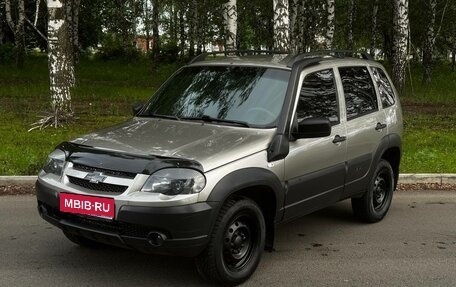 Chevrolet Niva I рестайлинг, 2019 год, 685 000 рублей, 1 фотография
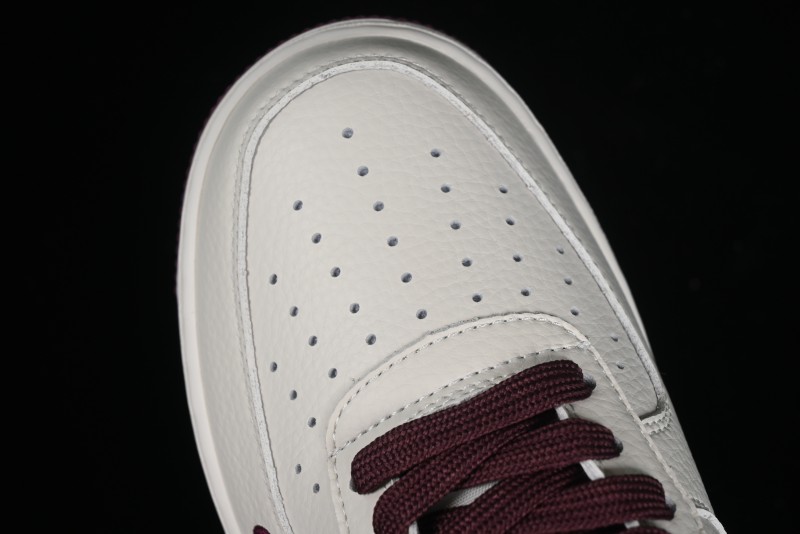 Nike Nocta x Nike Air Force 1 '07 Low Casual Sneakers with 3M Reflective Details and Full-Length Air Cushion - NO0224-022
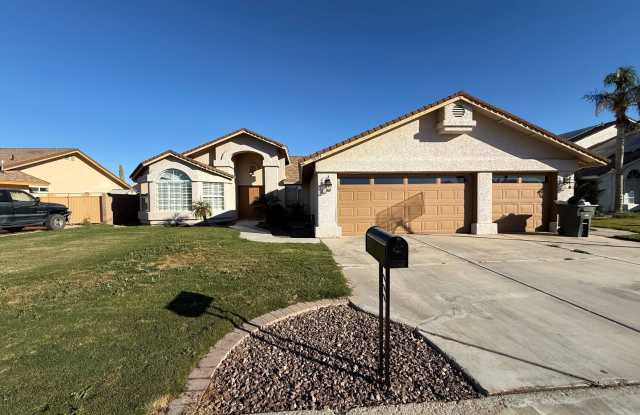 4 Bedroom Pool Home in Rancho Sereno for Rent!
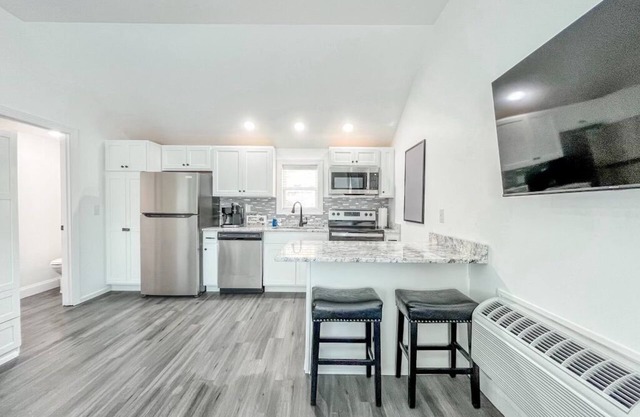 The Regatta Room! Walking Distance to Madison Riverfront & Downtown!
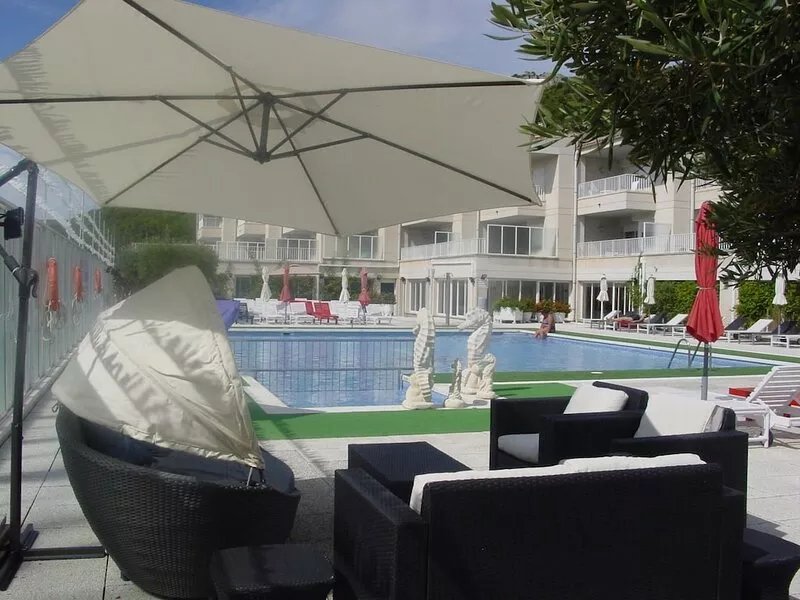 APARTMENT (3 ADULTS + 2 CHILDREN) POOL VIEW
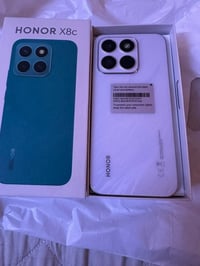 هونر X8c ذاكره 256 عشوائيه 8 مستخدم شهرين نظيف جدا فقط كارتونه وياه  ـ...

WORK INSTRUCTIONS — Please retype every record exactly, leaving the pictures out.

EXPECTED OUTPUT —
 Chevrolet Niva I рестайлинг, 2019 год, 685 000 рублей, 1 фотография
 Nike Nocta x Nike Air Force 1 '07 Low Casual Sneakers with 3M Reflective Details and Full-Length Air Cushion - NO0224-022
 4 Bedroom Pool Home in Rancho Sereno for Rent!
 The Regatta Room! Walking Distance to Madison Riverfront & Downtown!
 APARTMENT (3 ADULTS + 2 CHILDREN) POOL VIEW
 هونر X8c ذاكره 256 عشوائيه 8 مستخدم شهرين نظيف جدا فقط كارتونه وياه  ـ...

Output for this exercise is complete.